Çıkış Yolu
cumhuriyet.com.trKim gelirse gelsin artık Türkiye’ye şu görüş hâkim olmalıdır: “Çalmayacağım, çaldırmayacağım, Cumhuriyet kanunlarını uygulayacağım.” Bu, ülkenin kurtuluşudur. Bu sağlandığı zaman çok şey kendiliğinden düzelir. 1950 yılından bu yana çaldığımız ve çaldırdığımız yeter. Son söz milletindir.
Ülkede herkes birbirine soruyor: “Ne oluyoruz?” Aslına bakarsanız bir şey olduğu yok. Demokratikleşmenin son sancılarını çekiyoruz.

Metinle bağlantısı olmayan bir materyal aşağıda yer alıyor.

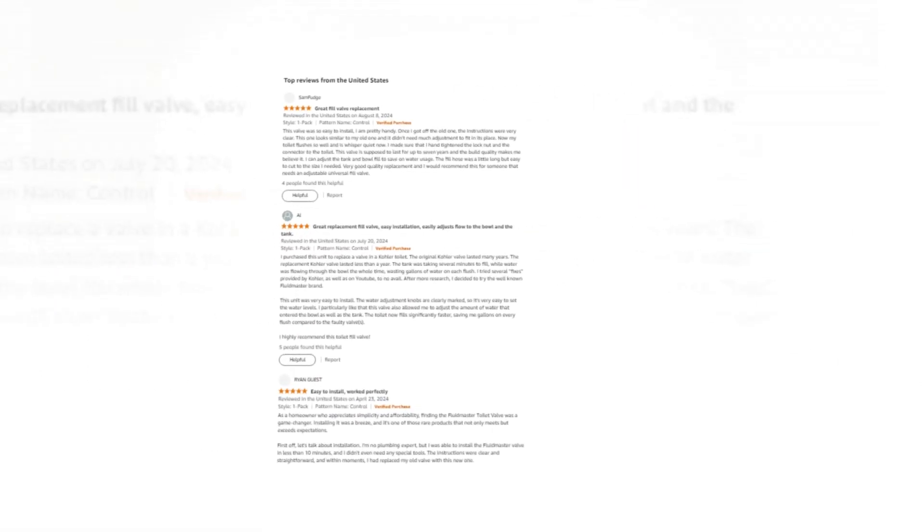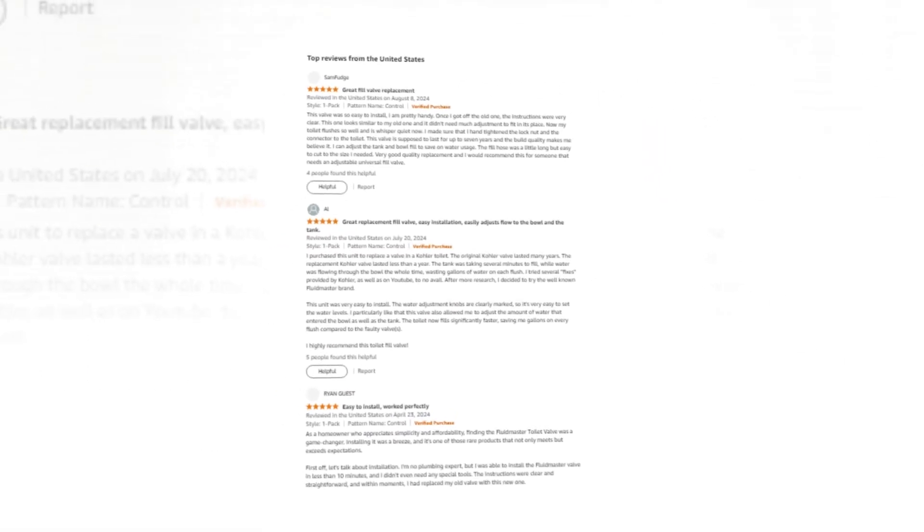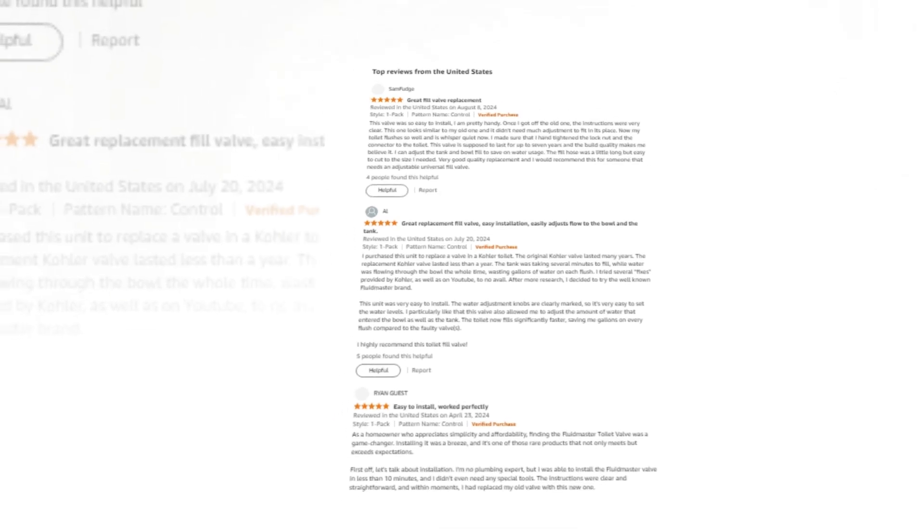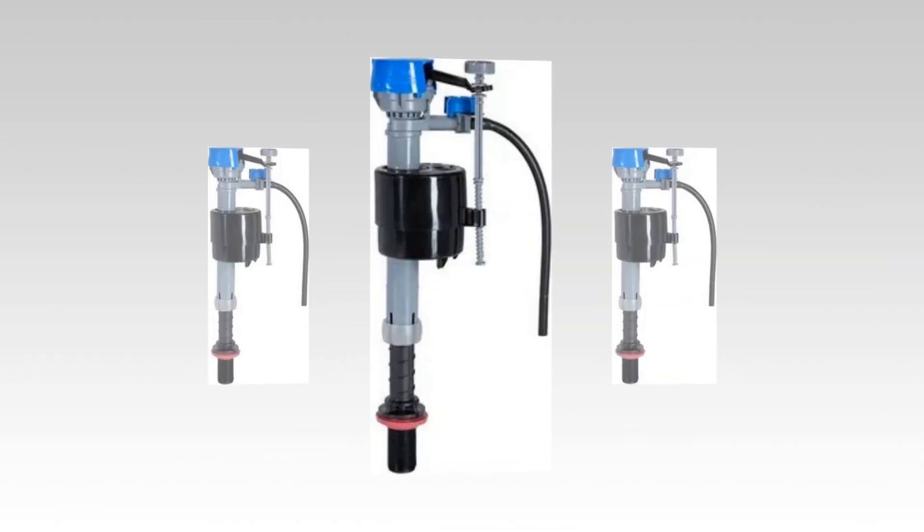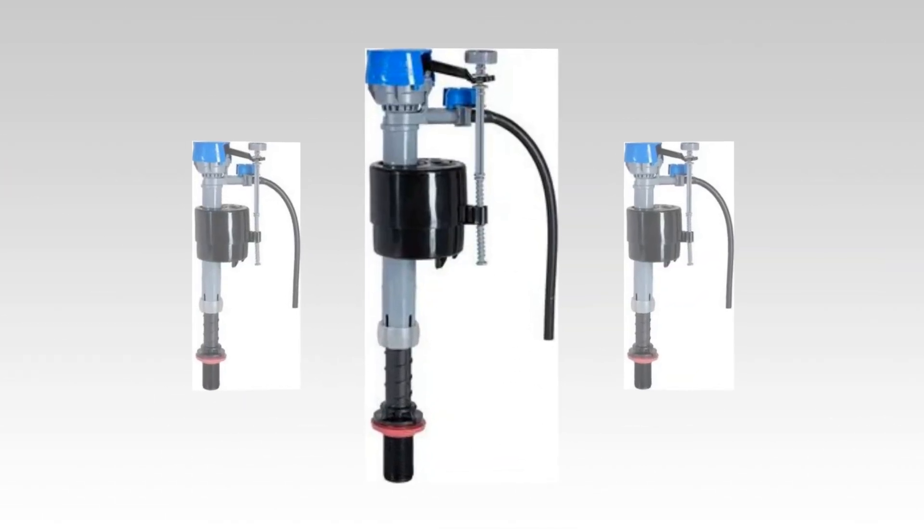Today we will discuss the best Fluidmaster 400H-002 Performax Universal Toilet Fill Valve High Performance Tank and Bowl Water Control, 1-Pack, Multicolor of Amazon.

Daha önce de buna benzer sancılar çekmiş, ara rejimlerle geçici olarak sancılardan kurtulmuştuk.
27 Mayıs’la başlayan, 12 Mart ve 12 Eylül’le devam eden askeri müdahalelere 28 Şubat, 27 Nisan eklenince Türk Silahlı Kuvvetleri’nin müdahalelerdeki istiap hakkı doldu. Onlar da anladılar ki bu müdahaleler sorunları çözmekten çok, radikal uçların kuvvetlenmesine neden oldular. Üniter devlet ve ulusal birlik darbelerle sağlanamıyor.
Bu net olarak ortaya çıkınca, demokratikleşmenin son sancıları yargının gerçek bağımsızlığına kalıyor. Mevcut iktidar 367’yi garabetle, 411’i tanınmamazlıkla suçlayarak kendini haklı çıkartmaya çalışıyor. Bunları yaparken de adresi Anayasa Mahkemesi, Yargıtay Cumhuriyet Başsavcılığı ve Türk Silahlı Kuvvetleri olarak gösteriyor. Bunun ne kadar doğru olduğunu “ötekileştirmeyen” gözler rahatlıkla görüyor.
Bir ülkenin sağlam temeller üzerine oturabilmesi için 3 güce ihtiyacı vardır. Bunlardan birincisi; o ülkeyi dış etkilere karşı koruyacak olan güçlü bir ordu, ikincisi; her konuda bilimsel çalışmalar yapması gereken sağlam üniversiteler, üçüncüsü ise herkese eşit dağıtılması gereken adalet.
Zaten bilimsel çalışmalar yapan üniversiteler ve eşit dağıtılan adalet demokrasinin temel kurallarıdır.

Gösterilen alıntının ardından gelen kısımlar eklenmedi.